## 19.2 Univariate Local Join Count Statistic

For binary variables, coded as 0 and 1, the
global spatial autocorrelation statistic of choice is the *join-count* statistic (see Cliff and Ord 1973). This
statistic consists of counting the *joins* that correspond to occurrences of value pairs at
neighboring locations. The three cases are joins of \(1-1\)
(so-called BB joins, for *black-black*), \(0-0\) (so-called WW joins, for *white-white*), and \(0-1\) (so-called BW joins). The former two
are indicators of positive spatial autocorrelation, the latter of negative spatial autocorrelation.

The primary interest lies in identifying co-occurrences of uncommon events, i.e., situations where observations
that take on the value of 1 constitute much less than half
of the sample. The definition of what is 1 or 0 can easily be reversed to make sure this condition is met. Therefore, the focus is on the BB join counts. While this is not an absolute requirement, the way the inference is obtained requires that
the probability of obtaining a large number of like neighbors is small, and thus can form the basis for rejecting the
null hypothesis. When the proportion of observations with 1 is larger than half, then the probability of a *small*
number of neighbors with a value of 1 will be small, which is counter the overall logic.^{123}

With the variable \(x_i\) at location \(i\) taking either the value of 1 or 0, a global BB join count statistic
can be written as:
\[BB = \sum_i \sum_j w_{ij} x_i x_j,\]
where \(w_{ij}\) are the elements of a *binary* spatial weights matrix. In other words, a *join* is *counted* when
\(w_{ij} = x_i = x_j = 1\). In all other instances, either when there is a mismatch in \(x\) between \(i\) and \(j\), or a lack of
a neighbor relation (\(w_{ij} = 0\)), the term on the right-hand side does not contribute to the double sum.

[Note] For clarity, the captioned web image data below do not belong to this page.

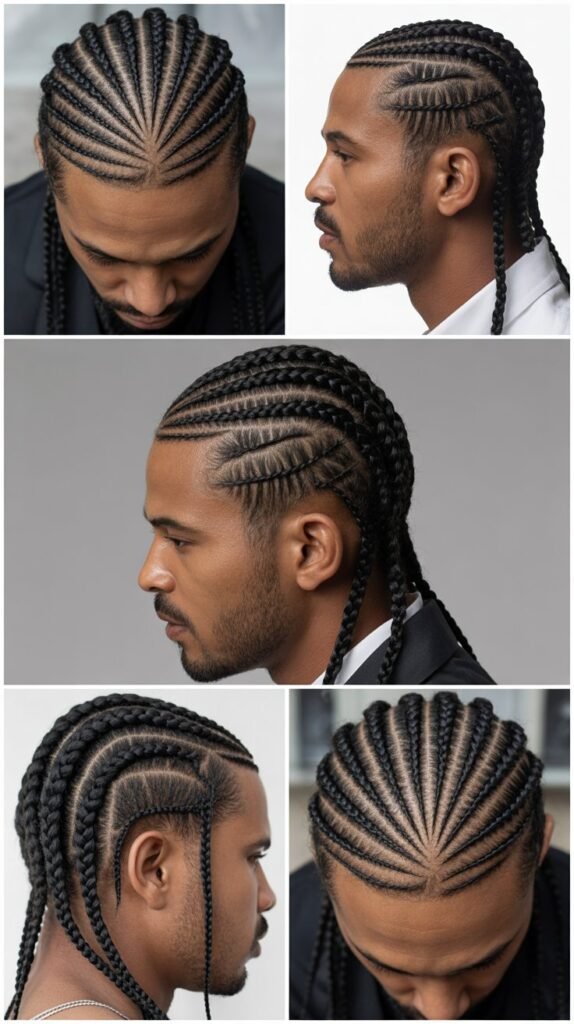 Zig-Zag Cornrow Pattern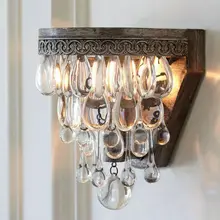 110v 220v Modern Art crystal decoration Iron wall lamp wall light indoor lighting wall sconces for bedroom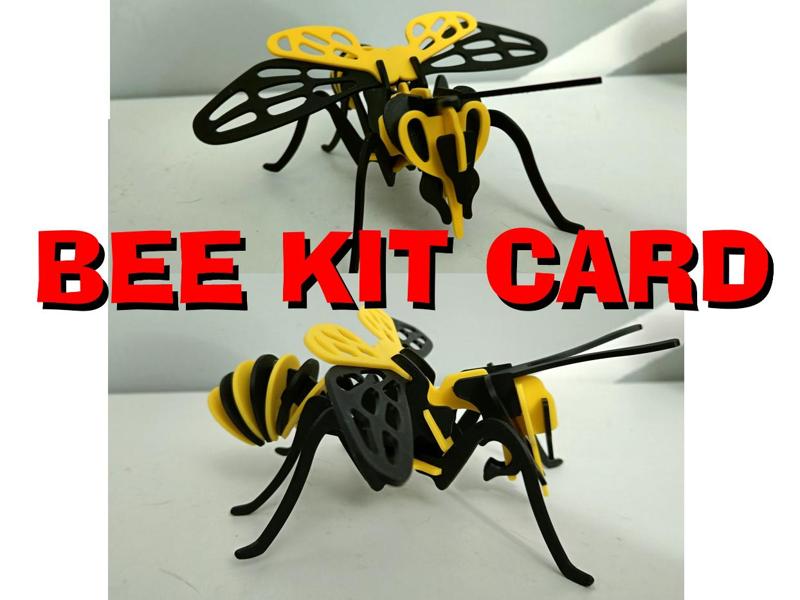 Bee Kit Card 20cm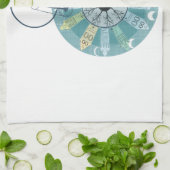 Linge De Cuisine Skyline d'Amsterdam (Plié)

Following the logic in Anselin (1995),
Anselin and Li (2019) recently introduced a local version of the BB join count statistic as:
\[BB_i = x_i \sum_j w_{ij}x_j,\]
where \(x_{i,j}\) can only take on the values of 1 and 0, and, again, \(w_{ij}\) are the elements of a *binary* spatial weights matrix (i.e., *not* row-standardized).

The statistic is only meaningful for those observations where \(x_i = 1\), since for \(x_i = 0\) the result will always equal zero. When \(x_i = 1\), it corresponds to the sum of neighbors for which the value \(x_j = 1\). In this sense, it is similar in spirit to to the local second order analysis for point patterns outlined in Getis (1984) and Getis and Franklin (1987), where the number of points are counted within a given distance \(d\) of an observed point. The distance cut-off \(d\) could readily form the basis for the construction of the spatial weights \(w_{ij}\), which yields the join count statistic as a count of events (points) within the critical distance from a given point (\(x_i = 1\)).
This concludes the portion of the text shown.